The fact that the autopsy revealed hardening of the arteries of the heart and no traumatic injury sufficient to cause death does not exonerate defendant. In his final autopsy report defendant's witness, Dr. Steffee, stated that "the increased cardiac demand occasioned by an altercation might have precipitated death." The law declares "that one who inflicts an injury on another and thereby accelerates his death shall be held criminally responsible therefor." 40 Am.Jur.2d Homicide § 16 (1968). See also, 4 Strong, N.C.Index 2d, Homicide § 1 (1968).
Thus, if McKenzie's death came about as a result of the conjunction of his heart disease with either the violence or the excitement and shock of defendant's assault it was still brought about by defendant's unlawful act, for the consequences of which he would be answerable. Annot., 47 A.L.R. 2d 1072, 1077 (1956). The rule is well settled that the consequences of an assault which is the efficient cause of the death of another are not excused, nor is the criminal responsibility for causing death lessened, by the preexisting *242 physical condition which made the person killed unable to withstand the shock of the assault and without which predisposed condition the blow would not have been fatal. 40 Am.Jur.2d, Homicide § 20 (1968). See State v. Knight, supra.
From the evidence in this case it was permissible and reasonable for the jury to draw the inference that McKenzie would not have died but for defendant's unlawful assault and battery upon him. The motion for judgment of nonsuit was properly overruled.

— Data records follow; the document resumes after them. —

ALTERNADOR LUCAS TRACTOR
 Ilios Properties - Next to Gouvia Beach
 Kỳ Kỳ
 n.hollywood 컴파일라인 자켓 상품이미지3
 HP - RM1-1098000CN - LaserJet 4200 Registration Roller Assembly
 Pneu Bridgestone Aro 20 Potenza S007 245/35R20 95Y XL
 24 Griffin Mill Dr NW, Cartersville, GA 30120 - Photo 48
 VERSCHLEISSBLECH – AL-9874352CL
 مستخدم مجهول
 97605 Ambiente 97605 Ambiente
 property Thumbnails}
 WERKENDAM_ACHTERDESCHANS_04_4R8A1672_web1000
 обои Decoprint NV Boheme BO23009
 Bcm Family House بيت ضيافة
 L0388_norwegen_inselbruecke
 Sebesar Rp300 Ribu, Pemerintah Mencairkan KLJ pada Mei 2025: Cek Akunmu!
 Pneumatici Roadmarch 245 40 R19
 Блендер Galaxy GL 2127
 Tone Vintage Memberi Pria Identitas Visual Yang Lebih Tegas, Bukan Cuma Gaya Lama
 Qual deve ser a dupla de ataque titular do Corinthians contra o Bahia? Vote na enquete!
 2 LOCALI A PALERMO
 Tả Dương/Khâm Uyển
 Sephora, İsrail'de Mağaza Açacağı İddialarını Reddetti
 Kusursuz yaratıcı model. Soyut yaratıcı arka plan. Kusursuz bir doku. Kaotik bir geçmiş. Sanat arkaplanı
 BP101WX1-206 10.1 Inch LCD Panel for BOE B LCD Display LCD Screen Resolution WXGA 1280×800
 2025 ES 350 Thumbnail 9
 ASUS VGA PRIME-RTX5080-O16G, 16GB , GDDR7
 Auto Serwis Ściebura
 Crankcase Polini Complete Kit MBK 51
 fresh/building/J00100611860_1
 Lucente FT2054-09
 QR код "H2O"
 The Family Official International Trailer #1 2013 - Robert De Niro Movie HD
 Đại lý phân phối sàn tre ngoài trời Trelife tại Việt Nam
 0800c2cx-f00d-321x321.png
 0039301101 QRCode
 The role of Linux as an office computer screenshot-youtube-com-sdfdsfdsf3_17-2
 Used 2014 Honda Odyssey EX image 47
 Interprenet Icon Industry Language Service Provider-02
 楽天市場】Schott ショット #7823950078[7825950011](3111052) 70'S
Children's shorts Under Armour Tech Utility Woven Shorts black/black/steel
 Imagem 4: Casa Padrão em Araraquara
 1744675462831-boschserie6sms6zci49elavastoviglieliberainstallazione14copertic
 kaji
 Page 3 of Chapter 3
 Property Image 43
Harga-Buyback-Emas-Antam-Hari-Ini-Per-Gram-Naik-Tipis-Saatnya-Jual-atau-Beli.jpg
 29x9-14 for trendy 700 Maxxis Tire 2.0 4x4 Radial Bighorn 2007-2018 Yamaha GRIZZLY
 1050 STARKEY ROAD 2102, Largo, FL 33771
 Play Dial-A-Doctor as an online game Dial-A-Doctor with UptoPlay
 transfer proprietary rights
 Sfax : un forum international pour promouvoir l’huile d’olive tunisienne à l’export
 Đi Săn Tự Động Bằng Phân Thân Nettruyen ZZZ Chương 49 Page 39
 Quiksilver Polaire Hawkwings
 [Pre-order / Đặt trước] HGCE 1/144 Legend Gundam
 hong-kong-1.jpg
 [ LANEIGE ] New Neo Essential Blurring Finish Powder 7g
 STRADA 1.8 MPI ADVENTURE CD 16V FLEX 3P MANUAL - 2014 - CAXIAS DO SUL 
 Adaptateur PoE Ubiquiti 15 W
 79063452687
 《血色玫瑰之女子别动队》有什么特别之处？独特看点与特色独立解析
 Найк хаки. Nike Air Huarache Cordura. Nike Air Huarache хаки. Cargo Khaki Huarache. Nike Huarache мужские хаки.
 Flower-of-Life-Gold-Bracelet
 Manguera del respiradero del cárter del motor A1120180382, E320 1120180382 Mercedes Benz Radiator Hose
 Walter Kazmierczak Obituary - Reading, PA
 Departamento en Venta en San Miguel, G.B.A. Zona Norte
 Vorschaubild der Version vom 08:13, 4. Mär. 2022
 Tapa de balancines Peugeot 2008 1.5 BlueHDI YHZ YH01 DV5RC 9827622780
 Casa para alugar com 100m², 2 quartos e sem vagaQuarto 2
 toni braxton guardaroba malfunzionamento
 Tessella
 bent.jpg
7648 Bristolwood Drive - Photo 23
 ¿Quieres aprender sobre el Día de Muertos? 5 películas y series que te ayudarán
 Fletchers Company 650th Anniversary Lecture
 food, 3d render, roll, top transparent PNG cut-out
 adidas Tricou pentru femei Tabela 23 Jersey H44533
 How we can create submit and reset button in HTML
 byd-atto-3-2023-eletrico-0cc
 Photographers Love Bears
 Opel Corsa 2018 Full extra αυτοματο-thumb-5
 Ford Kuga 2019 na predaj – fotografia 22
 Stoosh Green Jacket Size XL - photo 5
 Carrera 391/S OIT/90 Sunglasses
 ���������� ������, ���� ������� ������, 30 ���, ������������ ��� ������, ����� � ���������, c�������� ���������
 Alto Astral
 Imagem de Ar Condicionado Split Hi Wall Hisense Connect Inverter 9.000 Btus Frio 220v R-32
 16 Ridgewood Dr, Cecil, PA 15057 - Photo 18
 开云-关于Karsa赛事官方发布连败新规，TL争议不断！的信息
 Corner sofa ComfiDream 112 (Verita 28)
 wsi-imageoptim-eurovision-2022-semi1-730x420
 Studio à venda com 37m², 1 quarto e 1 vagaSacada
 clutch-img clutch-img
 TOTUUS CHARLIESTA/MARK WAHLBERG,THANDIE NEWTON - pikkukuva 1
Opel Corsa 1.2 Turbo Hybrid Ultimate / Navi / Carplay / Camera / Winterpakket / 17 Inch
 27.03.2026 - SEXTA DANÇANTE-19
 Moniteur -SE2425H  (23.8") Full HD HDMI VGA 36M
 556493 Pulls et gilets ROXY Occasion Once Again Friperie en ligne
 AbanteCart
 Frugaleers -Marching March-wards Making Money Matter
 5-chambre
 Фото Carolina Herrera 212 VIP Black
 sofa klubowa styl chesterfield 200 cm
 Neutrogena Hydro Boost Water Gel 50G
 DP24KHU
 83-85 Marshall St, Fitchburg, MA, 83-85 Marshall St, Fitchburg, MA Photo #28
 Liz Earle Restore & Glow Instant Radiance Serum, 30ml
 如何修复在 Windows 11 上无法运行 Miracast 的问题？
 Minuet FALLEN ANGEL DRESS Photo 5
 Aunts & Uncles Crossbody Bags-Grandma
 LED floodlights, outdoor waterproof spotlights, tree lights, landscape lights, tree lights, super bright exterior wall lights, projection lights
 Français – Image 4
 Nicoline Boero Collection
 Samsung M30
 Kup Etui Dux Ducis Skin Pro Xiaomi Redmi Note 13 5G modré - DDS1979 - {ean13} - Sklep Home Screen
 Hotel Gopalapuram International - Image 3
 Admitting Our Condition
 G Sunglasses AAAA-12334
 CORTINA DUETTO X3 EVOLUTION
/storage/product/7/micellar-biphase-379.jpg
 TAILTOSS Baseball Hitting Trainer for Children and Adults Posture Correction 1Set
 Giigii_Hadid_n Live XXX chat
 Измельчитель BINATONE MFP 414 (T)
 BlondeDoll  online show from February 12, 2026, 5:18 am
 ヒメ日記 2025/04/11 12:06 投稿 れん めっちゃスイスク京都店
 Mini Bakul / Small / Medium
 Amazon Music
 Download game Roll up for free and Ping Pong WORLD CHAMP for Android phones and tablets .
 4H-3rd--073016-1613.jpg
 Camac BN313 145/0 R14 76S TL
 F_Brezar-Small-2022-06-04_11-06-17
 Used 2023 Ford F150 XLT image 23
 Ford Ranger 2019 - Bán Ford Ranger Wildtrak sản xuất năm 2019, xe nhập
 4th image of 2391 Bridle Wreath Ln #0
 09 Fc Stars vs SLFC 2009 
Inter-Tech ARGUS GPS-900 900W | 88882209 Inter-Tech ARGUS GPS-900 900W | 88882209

The decision of the Court of Appeals is
Affirmed.
HIGGINS, Justice (dissenting).
The evidence is fairly stated in the opinion of the Court except in one particular. The death certificate filed by the physician quoted in the opinion was made on the basis of the doctor's preliminary examination and before the autopsy.
Fairly construed, the evidence shows the deceased advanced to the attack and struck the first blow. True, the State's witness stated the blow struck by the defendant with the pipe "knocked his eyeballs out of his head." The autopsy examination failed to disclose any injuries to the eyes, skull or brain and that death resulted from hardening of the arteries.
The poor old woman testified: "My husband (deceased) jumped up and grabbed a rubber boot and ran outside. He hit Ellis Luther on the arm with that boot and then fell to the ground . . ." After identifying the piece of pipe the defendant used, the witness said "There are a million down there (the yard where the trouble occurred) just like it . . . Prior to being struck. . . . Baxter previously was sick with flu and he was weak. He had heart trouble."
The State's evidence, in my opinion, was insufficient to go to the jury and sustain a finding that death resulted as a result of the defendant's wrongful act. The case of State v. Horner, 248 N.C. 342, 103 S.E.2d 694, tends to support the court's decision in this case. In Horner, I thought at the time it was heard that the evidence was insufficient to support a finding of death by a wrongful act. For that reason I dissented and for the same reason I dissent now.